[[ Given information, beginning ]]

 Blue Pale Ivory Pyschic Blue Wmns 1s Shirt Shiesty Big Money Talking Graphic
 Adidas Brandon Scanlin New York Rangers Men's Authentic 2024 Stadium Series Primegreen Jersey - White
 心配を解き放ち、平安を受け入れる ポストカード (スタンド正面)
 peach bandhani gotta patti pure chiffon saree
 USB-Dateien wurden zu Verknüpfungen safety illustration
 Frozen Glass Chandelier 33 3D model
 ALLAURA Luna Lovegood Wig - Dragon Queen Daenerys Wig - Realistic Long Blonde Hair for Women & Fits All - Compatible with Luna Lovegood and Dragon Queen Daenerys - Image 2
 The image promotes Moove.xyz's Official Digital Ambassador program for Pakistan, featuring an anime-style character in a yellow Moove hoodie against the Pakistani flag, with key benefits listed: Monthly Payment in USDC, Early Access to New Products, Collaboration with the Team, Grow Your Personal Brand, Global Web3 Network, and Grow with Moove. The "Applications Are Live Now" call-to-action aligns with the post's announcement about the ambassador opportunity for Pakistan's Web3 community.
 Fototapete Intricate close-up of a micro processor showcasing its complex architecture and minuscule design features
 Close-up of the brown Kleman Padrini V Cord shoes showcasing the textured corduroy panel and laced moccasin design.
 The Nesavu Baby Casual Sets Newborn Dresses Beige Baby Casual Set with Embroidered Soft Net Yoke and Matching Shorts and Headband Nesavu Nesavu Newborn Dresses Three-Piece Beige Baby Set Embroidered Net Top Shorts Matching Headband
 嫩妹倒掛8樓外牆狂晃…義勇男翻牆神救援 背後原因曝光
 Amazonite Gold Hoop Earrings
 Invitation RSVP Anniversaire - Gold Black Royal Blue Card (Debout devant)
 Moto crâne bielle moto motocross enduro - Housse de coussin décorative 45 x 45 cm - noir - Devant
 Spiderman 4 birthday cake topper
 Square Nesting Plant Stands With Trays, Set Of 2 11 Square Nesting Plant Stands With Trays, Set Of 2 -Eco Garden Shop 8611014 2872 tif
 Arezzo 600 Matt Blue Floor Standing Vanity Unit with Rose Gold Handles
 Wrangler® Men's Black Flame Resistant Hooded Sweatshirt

[[ Given information, end ]]

Copy out the full listing so that each line matches exactly.

● Output for this exercise
 Blue Pale Ivory Pyschic Blue Wmns 1s Shirt Shiesty Big Money Talking Graphic
 Adidas Brandon Scanlin New York Rangers Men's Authentic 2024 Stadium Series Primegreen Jersey - White
 心配を解き放ち、平安を受け入れる ポストカード (スタンド正面)
 peach bandhani gotta patti pure chiffon saree
 USB-Dateien wurden zu Verknüpfungen safety illustration
 Frozen Glass Chandelier 33 3D model
 ALLAURA Luna Lovegood Wig - Dragon Queen Daenerys Wig - Realistic Long Blonde Hair for Women & Fits All - Compatible with Luna Lovegood and Dragon Queen Daenerys - Image 2
 The image promotes Moove.xyz's Official Digital Ambassador program for Pakistan, featuring an anime-style character in a yellow Moove hoodie against the Pakistani flag, with key benefits listed: Monthly Payment in USDC, Early Access to New Products, Collaboration with the Team, Grow Your Personal Brand, Global Web3 Network, and Grow with Moove. The "Applications Are Live Now" call-to-action aligns with the post's announcement about the ambassador opportunity for Pakistan's Web3 community.
 Fototapete Intricate close-up of a micro processor showcasing its complex architecture and minuscule design features
 Close-up of the brown Kleman Padrini V Cord shoes showcasing the textured corduroy panel and laced moccasin design.
 The Nesavu Baby Casual Sets Newborn Dresses Beige Baby Casual Set with Embroidered Soft Net Yoke and Matching Shorts and Headband Nesavu Nesavu Newborn Dresses Three-Piece Beige Baby Set Embroidered Net Top Shorts Matching Headband
 嫩妹倒掛8樓外牆狂晃…義勇男翻牆神救援 背後原因曝光
 Amazonite Gold Hoop Earrings
 Invitation RSVP Anniversaire - Gold Black Royal Blue Card (Debout devant)
 Moto crâne bielle moto motocross enduro - Housse de coussin décorative 45 x 45 cm - noir - Devant
 Spiderman 4 birthday cake topper
 Square Nesting Plant Stands With Trays, Set Of 2 11 Square Nesting Plant Stands With Trays, Set Of 2 -Eco Garden Shop 8611014 2872 tif
 Arezzo 600 Matt Blue Floor Standing Vanity Unit with Rose Gold Handles
 Wrangler® Men's Black Flame Resistant Hooded Sweatshirt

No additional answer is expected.